(TASK REQUIREMENTS): Each entry should be set down exactly as written, except for any picture it holds.

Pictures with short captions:

--- --- ---

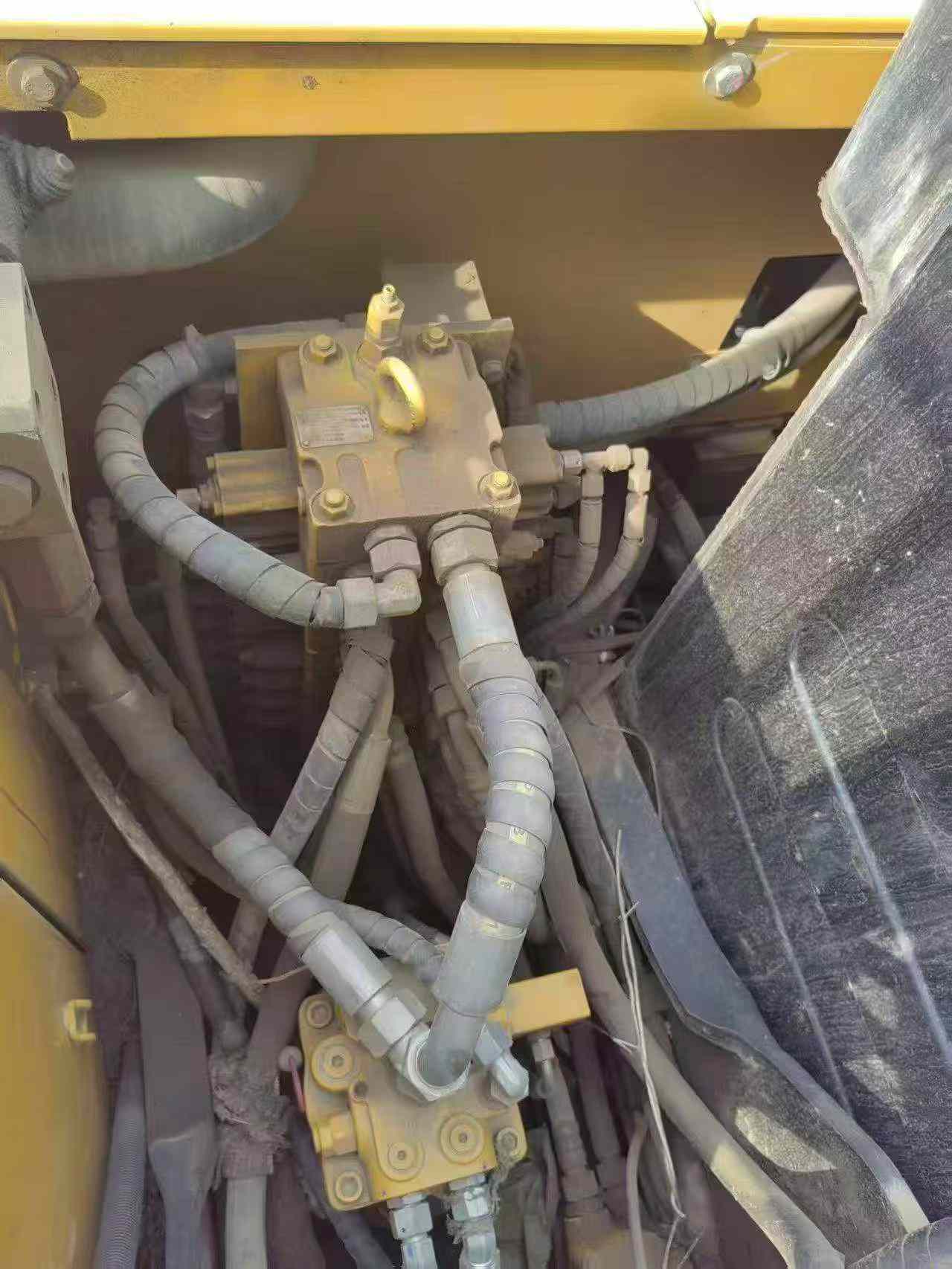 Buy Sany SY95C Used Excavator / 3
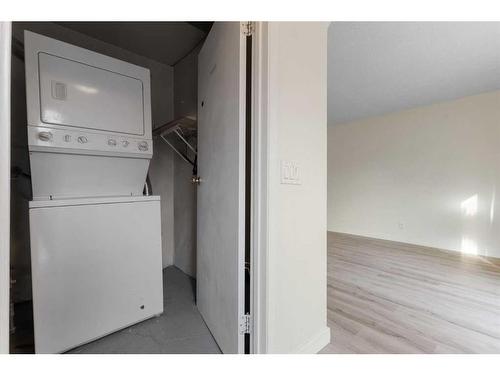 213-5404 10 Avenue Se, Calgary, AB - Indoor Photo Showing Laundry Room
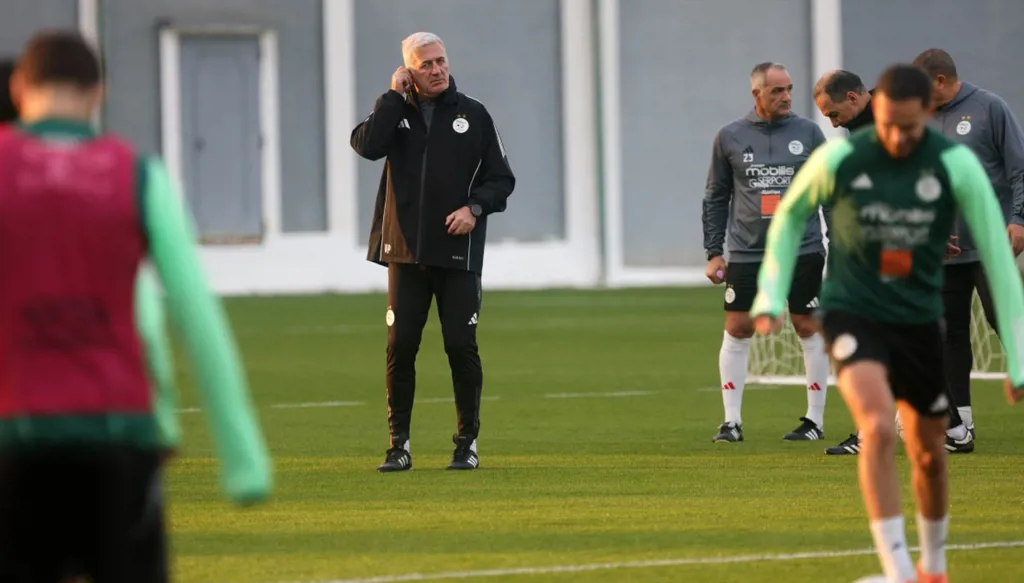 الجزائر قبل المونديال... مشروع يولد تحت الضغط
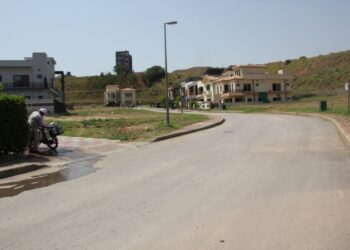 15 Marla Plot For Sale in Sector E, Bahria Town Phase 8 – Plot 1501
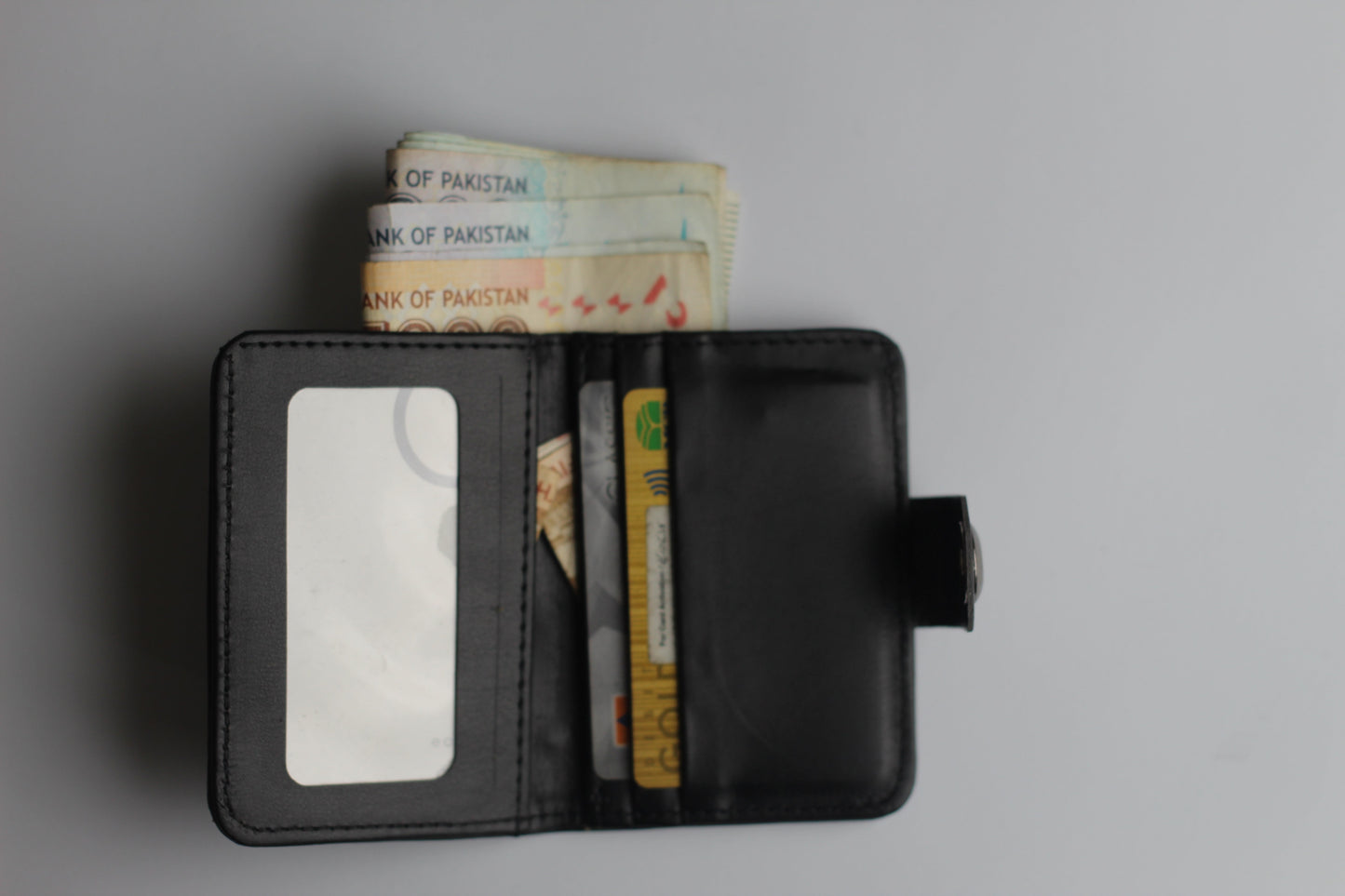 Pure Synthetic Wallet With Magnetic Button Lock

--- --- ---

(SOLVED EXERCISE):
 Buy Sany SY95C Used Excavator / 3
 213-5404 10 Avenue Se, Calgary, AB - Indoor Photo Showing Laundry Room
 الجزائر قبل المونديال... مشروع يولد تحت الضغط
 15 Marla Plot For Sale in Sector E, Bahria Town Phase 8 – Plot 1501
 Pure Synthetic Wallet With Magnetic Button Lock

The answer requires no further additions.